Thank you for this pattern I have book marked it for later.


----------



## Metuppence (Dec 30, 2012)

You are very welcome, hampshirerose. Hope you enjoy making some when you have the time.


----------



## hampshirerose (Dec 31, 2012)

Hi metuppence
Thank you for your reply.
I did download the pattern but for some reason it wouldn't open.
I had a blank page


----------



## hampshirerose (Dec 31, 2012)

Hi Metuppence,
I have just had a look at the web site and down loaded the patterns from there.
I will start knitting these as I go along and use up my odd yarns.
I will have loads ready for next Christmas.
Take care x


----------



## Tanikins (May 12, 2011)

The ladies in my knitting group will be thrilled with this pattern. I have no doubt they'll start making these puppets immediately for the children's homes for whom we knit.


----------



## Metuppence (Dec 30, 2012)

Well done for getting the pattern, Hampshirerose. Have fun knitting them. It's a really good way of using up odds and ends of wool.


----------



## Metuppence (Dec 30, 2012)

That's really good, Tanikins. Tell them I hope they have lots of fun bringing the little puppets into the world!


----------



## hampshirerose (Dec 31, 2012)

Thank you metuppence I'm sure I will have fun knitting them x


----------



## Tanikins (May 12, 2011)

The kids will love them. Thank you again so much. Regards, Tanya


----------



## ARDaigle (Sep 19, 2012)

I have not been able to get the pattern after
downloading it.

Has anyone else had a problem?

Usually the downloads work for me.

Thanks for getting back to me.

ARDaigle
CT


----------



## DarleneD (Sep 25, 2012)

ARDaigle said:


> I have not been able to get the pattern after
> downloading it.
> 
> Has anyone else had a problem?
> ...


I just private messaged you with the pattern. Hope this helps.


----------



## ARDaigle (Sep 19, 2012)

I also just sent you a big 
thank you for your making
my day and sending me the pattern.

Thank you again.
Hugs,
ARDaigle
CT


----------



## DarleneD (Sep 25, 2012)

You are very welcome. I just replied to your message.

Hugs back.


----------



## Metuppence (Dec 30, 2012)

Thanks, once again, Darlene, for coming to the rescue.


----------



## DarleneD (Sep 25, 2012)

No problem, you are welcome. Just hope you don't mind.


----------



## Metuppence (Dec 30, 2012)

Not at all. Very good of you to be so helpful.


----------



## DarleneD (Sep 25, 2012)

Thanks, just don't want you to feel like I am stepping on your toes.


----------



## Tanikins (May 12, 2011)

Hi. Give me your e-mail address and I'll e-mail it to you. I've saved it as a document. Tanya


----------



## Yarnie.One (Jul 13, 2012)

These are sooooooooooooooooooooooo cute!!


----------



## Metuppence (Dec 30, 2012)

Hello, Yarnie. yes, aren't they just!


----------



## ARDaigle (Sep 19, 2012)

Thank you. I appreciate the
favor.
[email protected]

Thank you very much.

ARDaigle


----------



## Metuppence (Dec 30, 2012)

Pleased you like them, Yarnie.One.


----------



## Woodstockgranny (Feb 6, 2013)

They are absolutely adorable. So nice of you to share and inspire! Thank you.


----------



## Metuppence (Dec 30, 2012)

Very pleased you like them!


----------



## patmastel (Mar 2, 2012)

is there a site I can go to, to download this pattern? I tried to download and it wouldn't open! I would love to start on some of these for Christmas 's toys for tots.
Thanks


----------



## Metuppence (Dec 30, 2012)

Hello, Patmastel. I have sent the pattern to you in a private message, for you to copy. If you would like an email, send your address in a private message.

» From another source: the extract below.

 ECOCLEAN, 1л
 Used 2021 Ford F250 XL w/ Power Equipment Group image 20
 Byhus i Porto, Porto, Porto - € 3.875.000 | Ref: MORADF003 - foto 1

Good luck with knitting them. 

Penny


----------



## DarleneD (Sep 25, 2012)

Hi Penny
Don't mean to butt in here but I sent the written pattern to Patmastel last night. She had messaged me and asked me to send it seeing I had posted if anyone wanted it, I have the pattern.


----------



## Metuppence (Dec 30, 2012)

Thanks very much, Darlene. Very helpful.


----------



## DarleneD (Sep 25, 2012)

You are most welcome. Glad I could help her out.


----------



## Metuppence (Dec 30, 2012)




----------



## Rosellna (Jun 16, 2011)

Thank you for the pattern. I will be knitting
some for the Teddy Bear Cancer Org. I volunteer for.
It's a lovely idea, to bring comfort to children
who need it so badly.


----------



## Metuppence (Dec 30, 2012)

That's really nice, Roselina. Thank you.


----------



## happycrafter (Sep 19, 2012)

Thank you very much for this pattern, I knit small toys for the ambulance and fire services, they use them to distract distressed kiddies, I'm sure these will go down a treat, 
Thank you again Lynn


----------



## ALdaisy (May 1, 2013)

Love the puppets, wish I knew how to convert the pattern to crochet, as I have not learned to knit. It would make a great give for the children at our local hospital.


----------



## 44gram (Dec 10, 2011)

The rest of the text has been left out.